**Problem details**:
Starting at the top of the listing below, copy each line exactly, stopping after the line that contains "3311 Ellwood Ave, Royal".

**Supplied entries**:
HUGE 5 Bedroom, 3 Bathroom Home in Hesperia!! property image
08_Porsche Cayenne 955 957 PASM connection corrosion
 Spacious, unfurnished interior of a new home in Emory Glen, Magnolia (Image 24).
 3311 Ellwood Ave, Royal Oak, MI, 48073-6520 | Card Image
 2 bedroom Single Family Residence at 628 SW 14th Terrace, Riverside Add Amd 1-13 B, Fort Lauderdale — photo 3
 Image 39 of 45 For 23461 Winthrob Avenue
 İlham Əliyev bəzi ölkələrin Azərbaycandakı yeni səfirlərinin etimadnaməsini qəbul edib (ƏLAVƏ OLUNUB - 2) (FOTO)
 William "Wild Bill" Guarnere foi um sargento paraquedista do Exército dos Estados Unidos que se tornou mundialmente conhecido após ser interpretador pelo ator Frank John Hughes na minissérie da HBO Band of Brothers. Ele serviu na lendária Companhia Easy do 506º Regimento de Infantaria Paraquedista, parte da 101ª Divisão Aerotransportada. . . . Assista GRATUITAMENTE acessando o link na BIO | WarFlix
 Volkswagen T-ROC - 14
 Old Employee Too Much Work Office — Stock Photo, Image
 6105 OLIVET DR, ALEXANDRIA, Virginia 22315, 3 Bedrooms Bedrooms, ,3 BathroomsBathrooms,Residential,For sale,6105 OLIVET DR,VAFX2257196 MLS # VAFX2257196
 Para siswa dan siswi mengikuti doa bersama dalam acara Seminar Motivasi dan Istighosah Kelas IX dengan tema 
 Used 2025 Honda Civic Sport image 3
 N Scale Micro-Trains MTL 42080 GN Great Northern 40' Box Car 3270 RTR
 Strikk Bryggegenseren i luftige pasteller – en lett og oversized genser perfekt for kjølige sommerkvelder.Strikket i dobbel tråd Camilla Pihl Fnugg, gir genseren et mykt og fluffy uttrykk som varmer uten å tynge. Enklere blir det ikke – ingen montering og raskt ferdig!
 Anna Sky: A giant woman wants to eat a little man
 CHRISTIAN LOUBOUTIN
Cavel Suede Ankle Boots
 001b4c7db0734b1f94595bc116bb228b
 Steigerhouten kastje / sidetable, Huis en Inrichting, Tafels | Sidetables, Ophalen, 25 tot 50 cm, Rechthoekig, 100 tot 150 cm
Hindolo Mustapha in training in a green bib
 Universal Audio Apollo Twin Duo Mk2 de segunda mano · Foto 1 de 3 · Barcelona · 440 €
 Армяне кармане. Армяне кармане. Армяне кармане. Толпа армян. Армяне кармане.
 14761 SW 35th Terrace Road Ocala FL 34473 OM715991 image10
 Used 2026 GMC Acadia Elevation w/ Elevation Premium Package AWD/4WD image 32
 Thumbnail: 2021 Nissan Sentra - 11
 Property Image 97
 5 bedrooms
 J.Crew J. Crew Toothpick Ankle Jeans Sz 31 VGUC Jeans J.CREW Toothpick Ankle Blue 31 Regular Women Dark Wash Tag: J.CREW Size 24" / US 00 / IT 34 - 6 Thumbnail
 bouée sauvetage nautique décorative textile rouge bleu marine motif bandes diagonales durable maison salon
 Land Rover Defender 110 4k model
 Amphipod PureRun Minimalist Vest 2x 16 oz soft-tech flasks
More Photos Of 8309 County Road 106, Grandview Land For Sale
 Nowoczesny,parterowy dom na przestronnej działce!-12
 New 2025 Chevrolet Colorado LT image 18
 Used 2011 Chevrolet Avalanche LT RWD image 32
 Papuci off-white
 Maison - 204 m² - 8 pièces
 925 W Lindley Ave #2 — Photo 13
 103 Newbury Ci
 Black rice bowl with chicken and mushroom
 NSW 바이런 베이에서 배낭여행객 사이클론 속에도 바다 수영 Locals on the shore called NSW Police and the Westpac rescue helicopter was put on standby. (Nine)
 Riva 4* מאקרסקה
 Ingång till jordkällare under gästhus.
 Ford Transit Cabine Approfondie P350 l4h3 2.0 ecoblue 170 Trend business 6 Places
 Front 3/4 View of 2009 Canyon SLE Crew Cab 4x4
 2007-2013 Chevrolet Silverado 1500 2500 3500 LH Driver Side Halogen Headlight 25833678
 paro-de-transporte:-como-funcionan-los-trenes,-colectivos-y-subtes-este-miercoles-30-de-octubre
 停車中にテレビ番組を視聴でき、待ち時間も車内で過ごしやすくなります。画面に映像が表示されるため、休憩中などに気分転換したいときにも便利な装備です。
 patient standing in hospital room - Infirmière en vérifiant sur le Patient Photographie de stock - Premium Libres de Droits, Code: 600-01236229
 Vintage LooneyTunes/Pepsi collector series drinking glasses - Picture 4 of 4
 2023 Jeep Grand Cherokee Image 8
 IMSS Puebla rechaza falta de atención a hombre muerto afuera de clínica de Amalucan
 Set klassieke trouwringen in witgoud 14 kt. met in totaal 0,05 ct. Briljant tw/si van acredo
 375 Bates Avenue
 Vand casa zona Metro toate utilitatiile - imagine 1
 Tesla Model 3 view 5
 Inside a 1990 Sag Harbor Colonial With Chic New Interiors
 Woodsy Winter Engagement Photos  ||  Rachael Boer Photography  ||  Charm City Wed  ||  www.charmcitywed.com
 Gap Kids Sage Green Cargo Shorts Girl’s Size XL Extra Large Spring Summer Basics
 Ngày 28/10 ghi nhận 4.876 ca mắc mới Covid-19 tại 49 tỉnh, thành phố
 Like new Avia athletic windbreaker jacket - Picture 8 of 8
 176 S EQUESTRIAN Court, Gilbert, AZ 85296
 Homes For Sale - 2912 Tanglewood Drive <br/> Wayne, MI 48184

**Answer section**:
HUGE 5 Bedroom, 3 Bathroom Home in Hesperia!! property image
08_Porsche Cayenne 955 957 PASM connection corrosion
 Spacious, unfurnished interior of a new home in Emory Glen, Magnolia (Image 24).
 3311 Ellwood Ave, Royal Oak, MI, 48073-6520 | Card Image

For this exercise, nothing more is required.